Beauty is the combination of qualities such as shape, color or form that pleases the aesthetic senses. A beautiful object may be an animal, person, building or landscape, a work of art, or even a picture in a magazine.
Historically, the concept of beauty has fluctuated significantly across time, society and cultures. This has resulted in many controversies around what makes something beautiful, and even what is and isn’t a beautiful thing.
The most famous ancient conception of beauty is that of Plato and Aristotle, which treats it as a matter of instantiating definite proportions or relations among parts. Polykleitos’s ‘Canon,’ for example, was held up as a model of harmonious proportion that could be replicated by sculptors and students alike.
It is this idea that eighteenth-century philosophers such as Hume and Kant rejected. They saw that when we treat beauty as a subjective state, it can be lost as an objective value.
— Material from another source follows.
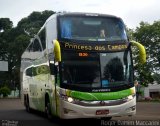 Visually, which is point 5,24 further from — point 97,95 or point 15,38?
point 97,95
In addition, they perceived that if we treated beauty merely as a matter of taste, there would be no reason to think about it as a central value or an underlying principle of any culture or people.
This approach, however, is not without its problems. It has to be distinguished from a more traditional view that sees beauty as an objective principle of nature or a universally recognizable quality.
Classical and Islamic Concepts of Beauty
The classical conception of beauty was based on the idea that things were made in the image of a divine creator, in the way that each element in a mosaic represents an elaboration of a larger pattern. This is particularly true in Islamic decorative arts and religious texts, where each piece evokes God’s limitlessness.
As the nineteenth century progressed, a growing Romantic understanding of beauty emerged in poetry and literature. For example, in Keats’ ‘Ode on the Grecian Urn’ (1820), the urn is seen as a ‘foster-child of silence and slow time’ that ‘produces the deepest reflections’. The urn, according to Keats, ‘elicits from me the deepest questions about my own mortality’.
It also evokes a ‘delightful trouble’ and ‘love’ and a ‘trembling that is all delight.’
During the twentieth century, as the world became more war-torn and violence increasingly infected human life, philosophers struggled to reconcile the idea of beauty with the complexities of modernity. This was especially evident in the works of Dadaists and Surrealists, who sought to disrupt it by tearing up traditional poetic forms and planting urinals in art shows.
A new appreciation of beauty has been found in neuroesthetics, which suggests that a person’s brain activity can affect their perception of something. For example, research by Semir Zeki at University College London has shown that when a person looks at art, the brain’s medial orbital frontal cortex gets activated. This is a part of the brain that is associated with reward and pleasure, and it has been shown that this activity is related to the appreciation of certain kinds of art.